[STORED DATA Boundary: Start]
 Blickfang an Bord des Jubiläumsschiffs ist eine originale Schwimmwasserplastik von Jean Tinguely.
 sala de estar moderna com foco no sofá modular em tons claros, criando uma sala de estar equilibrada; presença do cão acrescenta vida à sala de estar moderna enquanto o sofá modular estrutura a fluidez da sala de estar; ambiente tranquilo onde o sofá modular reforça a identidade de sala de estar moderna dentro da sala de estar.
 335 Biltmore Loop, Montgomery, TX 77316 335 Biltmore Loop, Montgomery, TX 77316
[STORED DATA Boundary: End]
[STORED DATA Boundary: Start]
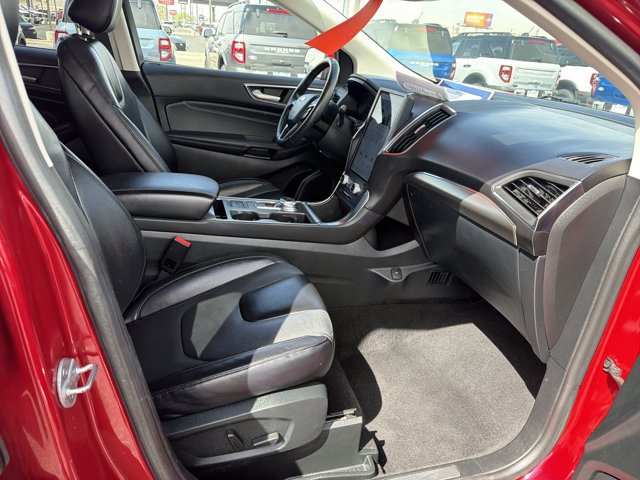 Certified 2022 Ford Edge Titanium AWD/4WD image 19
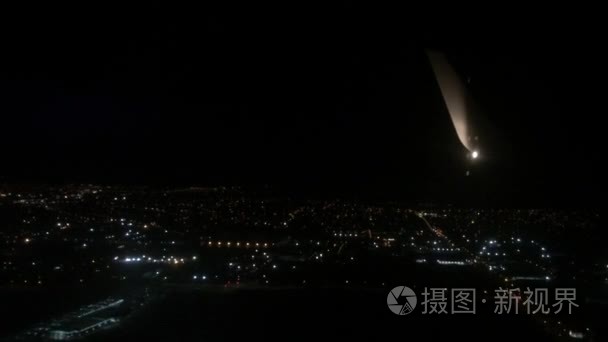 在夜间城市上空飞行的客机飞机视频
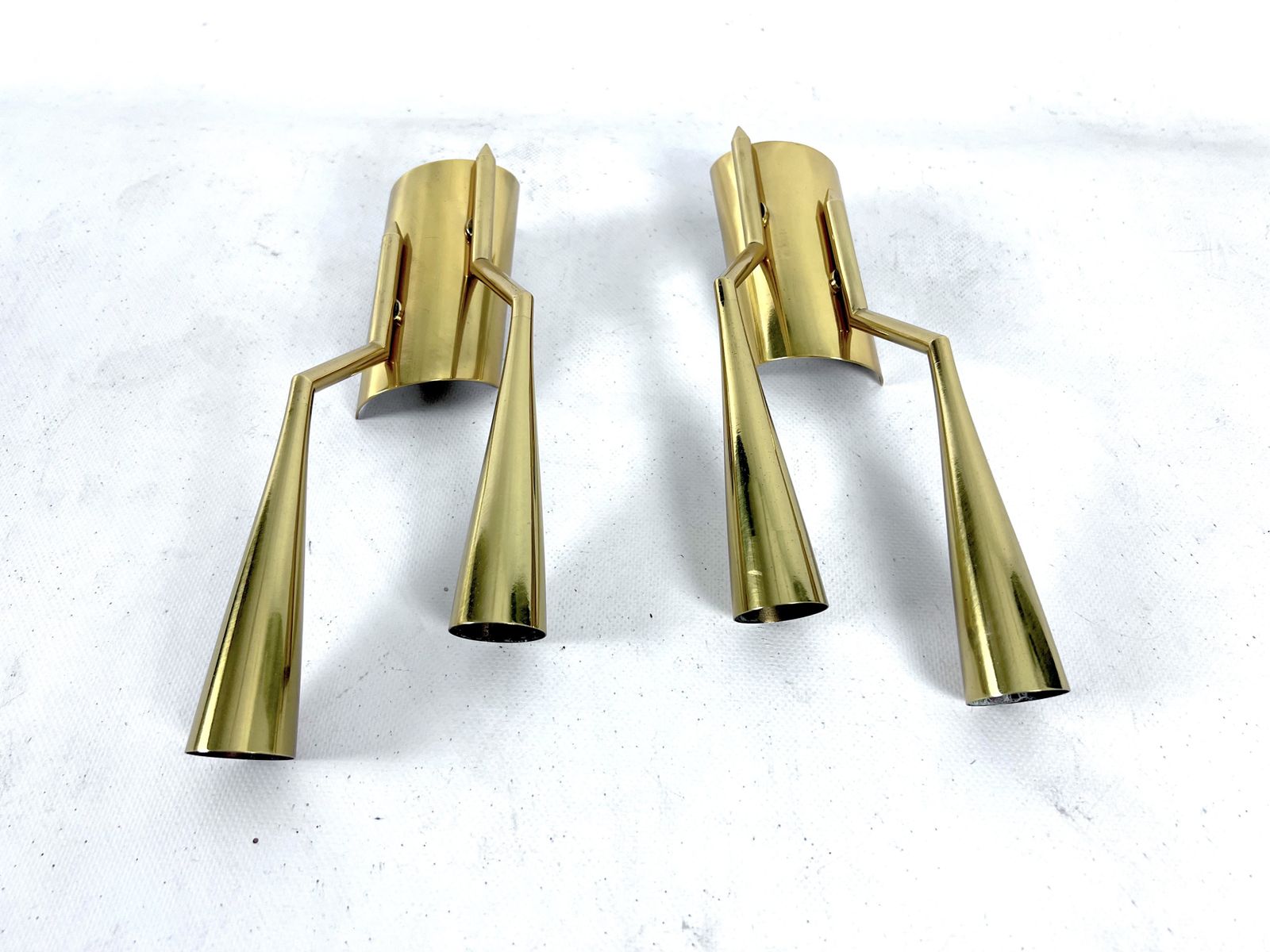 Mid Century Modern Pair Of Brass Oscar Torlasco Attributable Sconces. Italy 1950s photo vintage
[STORED DATA Boundary: End]
§ **ACTION ITEM**: Copy the lines of the data above exactly as written, beginning with the line containing "Blickfang an Bord" and ending with the line containing "335 Biltmore Loop, Montgomery, TX 77316 335", and leave out all other lines.

§ **RESULT OF THE EXERCISE**:
 Blickfang an Bord des Jubiläumsschiffs ist eine originale Schwimmwasserplastik von Jean Tinguely.
 sala de estar moderna com foco no sofá modular em tons claros, criando uma sala de estar equilibrada; presença do cão acrescenta vida à sala de estar moderna enquanto o sofá modular estrutura a fluidez da sala de estar; ambiente tranquilo onde o sofá modular reforça a identidade de sala de estar moderna dentro da sala de estar.
 335 Biltmore Loop, Montgomery, TX 77316 335 Biltmore Loop, Montgomery, TX 77316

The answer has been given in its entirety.